# Hello Everyone



## Davedood (Apr 16, 2009)

Hello,

I have been dealing with mantids now for close to 4 years. I also deal with: Frilled Dragons, High Color Bearded Dragons, Green Basilisks, and Crested Gecko's.

I have been informed of a person from the Helena MT area that has ripped people off. I only know one other person in helena that deals with mantids. To ease all of your concerns. I will send the mantids before I receive payment. After you receive your parcel, you can send the money via PayPal.

I currently have about 50 Ghost mantis (L1-L3) With several adult female still laying Ooths. I also have about 8 Spiney flower Mantids for breeding stock, and will have them available soon.

I will also include a few pictures of my mantid setup. Please PM me if you have any questions &gt;=)

Dave Larsen


----------



## spark (Apr 16, 2009)

Spiny flower mantises are my favorites. So good luck with the breeding project!

And welcome.  I'm new here myself.


----------



## Peter Clausen (Apr 17, 2009)

Welcome Dave!

It's very generous for you to offer to do business that way when you don't know any of the buyers here on the forum. If you have any doubts about anybody, I want to extend you the option of asking me feedback on buyers.

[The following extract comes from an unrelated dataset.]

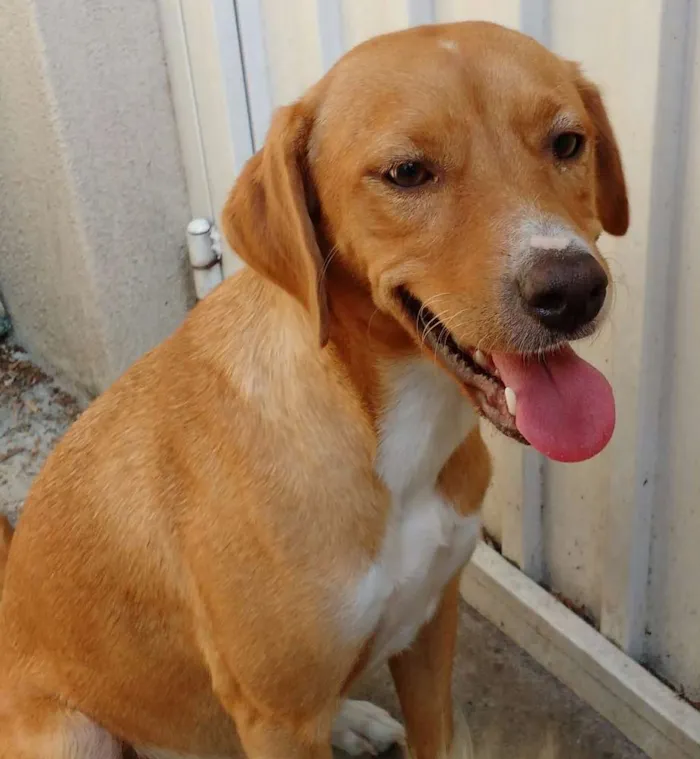 Cachorro ra a SRD idade 7 a 11 meses nome MEL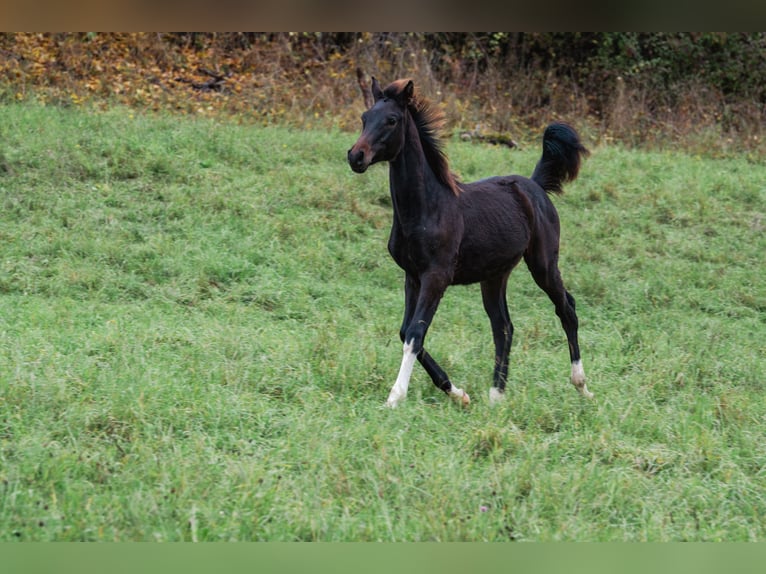 Duits rijpaard Hengst Veulen (04/2025) Zwartbruin in Wehretal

Since you're putting yourself out there like this, just let me know if you need a little help in "safely" building your reputation around here.

Peter


----------



## Katnapper (Apr 17, 2009)

Hello Dave, and welcome to the forum... glad to have you here.


----------



## PhilinYuma (Apr 17, 2009)

Welcome from Yuma, AZ! You'll find a good bunch of people here!


----------



## Rick (Apr 17, 2009)

Welcome


----------



## hibiscusmile (Apr 17, 2009)

WElcome to the forum, from OHIO!


----------



## revmdn (Apr 17, 2009)

Welcome to the forum.


----------



## bassist (Apr 17, 2009)

Welcome.

Seen your videos on youtube love the frillies!


----------



## wuwu (Apr 17, 2009)

welcome dave! and i agree with peter. that's very generous of you.


----------



## yeatzee (Apr 17, 2009)

Welcome  

I Look forward to doing buisness with you


----------



## [email protected] (Apr 17, 2009)

Welcome from florida.


----------



## ismart (Apr 17, 2009)

Welcome to the forum, from the Bronx!


----------